Jamelle Bouie contrasts the first civil rights movement's hierarchy with the second's focus on cultural change and structural racism.
Jamelle Bouie: I think it's correct to observe that the first civil rights movement is much more hierarchical and the second is much more diffuse and amorphous. In a lot of ways, I think some of that reflects sort of the environment in which they are operating. The second civil rights movement is operating in a world where there is at least sort of like a surface level commitment to formal racial equality where there is, you know, for the most part, you know, people. There's some amount of like, fair opportunity for like many people, not all people, but many people. Right? It's not, it's a world where making first, like making claims about the existence of racism, you're making claims about sort of like structural racism. You're making claims about, you know, things that are a little harder to see directly as opposed to Jim Crow, but also sort of, the targets of police brutality, for example. There's no central police agency, right? Sort of, it's lots of police departments, it's lots of law enforcement organizations across the entire country.
And it's being sparked by discrete events in different places in the country. So first of all, like the non-hierarchical nature is just like probably a reflection of what is actually driving the activity. But also it seems that the goal, the end in mind, is a little more of a desire for a cultural shift, something that would push the nation to sort of culturally take seriously the existence of, like, legacies of racism and so on and so forth. That's very distinct from the first civil rights movement. And I'm thinking of a great book, Waging a Good War: A Military History of the Civil Rights Movement by Tom Ricks. That first civil rights movement is very much organized, like a disciplined campaign against a, like, discreet and well defined opponent. It's like the Jim Crow system is something very concrete, easy to perceive, with its own legible logic. In that movement, its organizations, its hierarchical structure is very much structured around how do we confront that in a way that will bring the kind of pressure that will undermine it and allow us to kind of wield federal power against it.

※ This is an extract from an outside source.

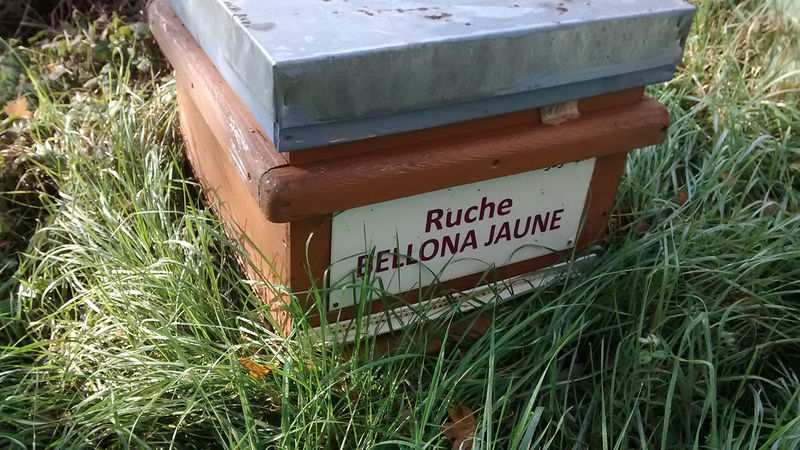 La ruche Bellona jaune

And in that way, the first civil rights movement, as Ricks argues, is a lot like a military campaign and sort of operates according to the principles of a military campaign. The strategists of that movement, Bayard Rustin, for example, are thinking about where to stage demonstrations, where to try to generate media attention in a way not unlike a general deciding where to stage an engagement for maximum advantage and gain. So that's sort of how I see the difference there, that it's just, it's two sort of different goals in mind. And in the case of the second civil rights movement, in the case of the past 10 to 15 years, it's something much, much broader than simply trying to take down the government of Mississippi, right? Like, it's something a little more amorphous, frankly. It's like, if you can successfully persuade a lot of people that there is something called structural racial discrimination, and to the credit of sort of the Black Lives Matter movement successfully persuaded many Americans that there is something called structural racial discrimination. It's like, okay, you've done that. Then it's sort of like, well, what's next? What's the kind of concrete action you have to take? And I think that one of the downsides of the more horizontal organization, you might say, of the second civil rights movement is that having won a cultural victory, it was hard to consolidate that into, like, a durable political one.